▶ [TASK DESCRIPTION]:
Set down only the lines from the one containing "1965 SW Silver" through the final line of the entries below, exactly as they stand, with no pictures.
- Opening Delimiter -
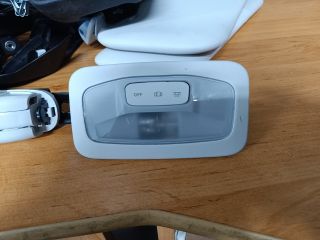 bontott FIAT 500X Világítás Kapcsoló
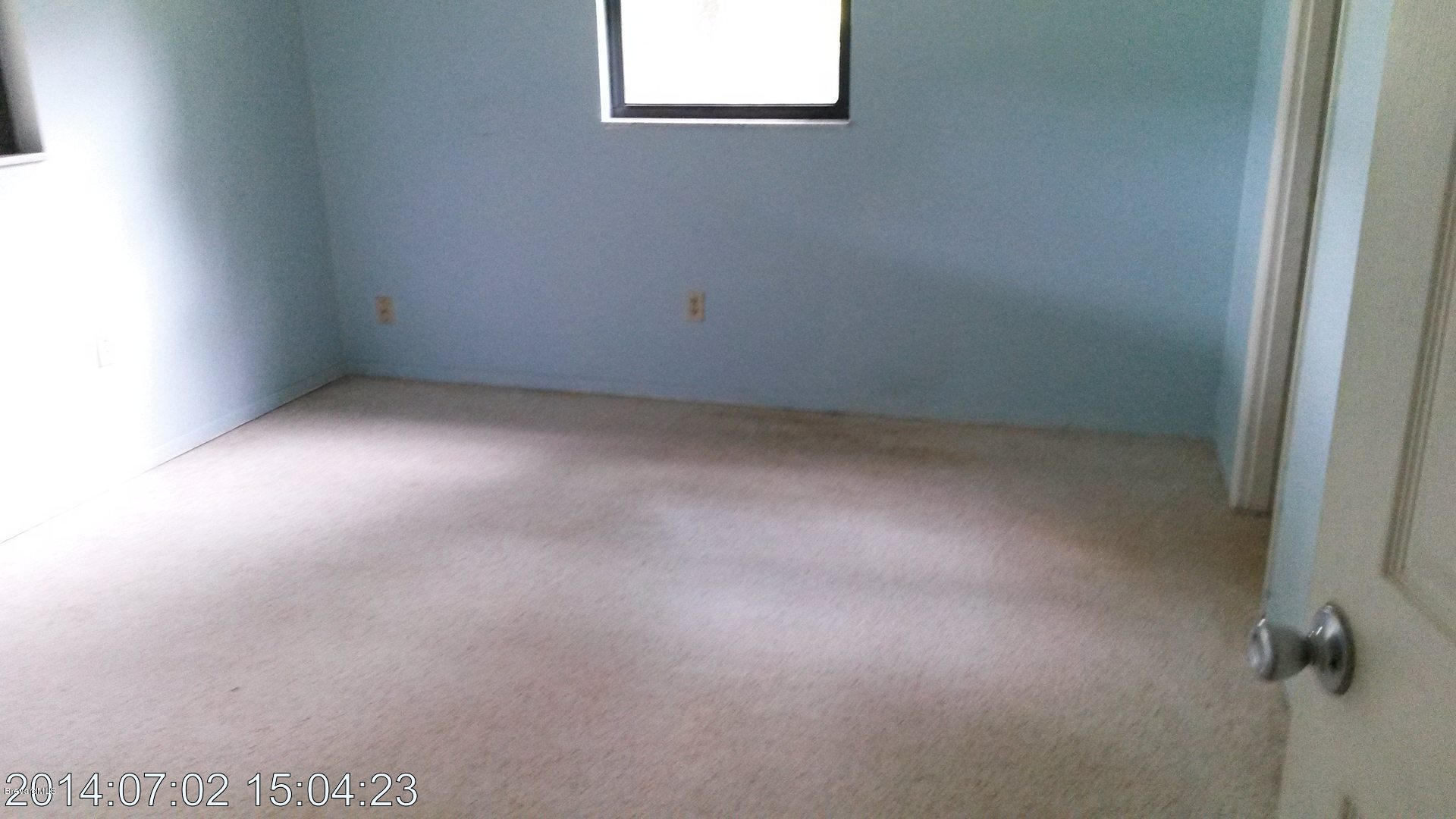 2555 Lee Road Mims, FL 32754 - Photo 6 of 17 20140702_150424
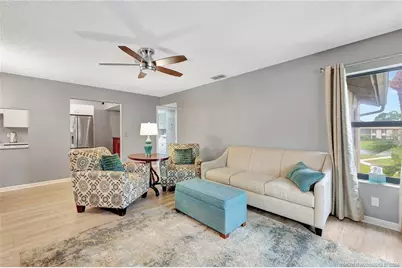 1965 SW Silver Pine Way #118-D2, Palm City, FL 34990 - Photo 5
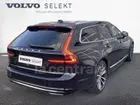 volvo-v90-ii-phase-2-2021-auto-90700-km-diesel-3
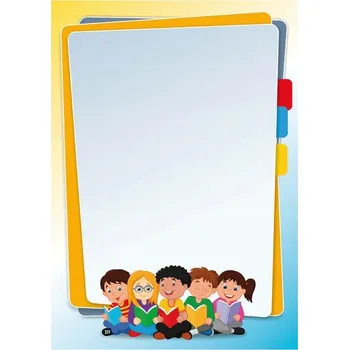 Barevný papír Ozdobný papír A4 Galeria Papieru 171 g/m2 25 listů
- Closing Delimiter -
▶ [SOLUTION TO THE PROBLEM]:
 1965 SW Silver Pine Way #118-D2, Palm City, FL 34990 - Photo 5
 volvo-v90-ii-phase-2-2021-auto-90700-km-diesel-3
 Barevný papír Ozdobný papír A4 Galeria Papieru 171 g/m2 25 listů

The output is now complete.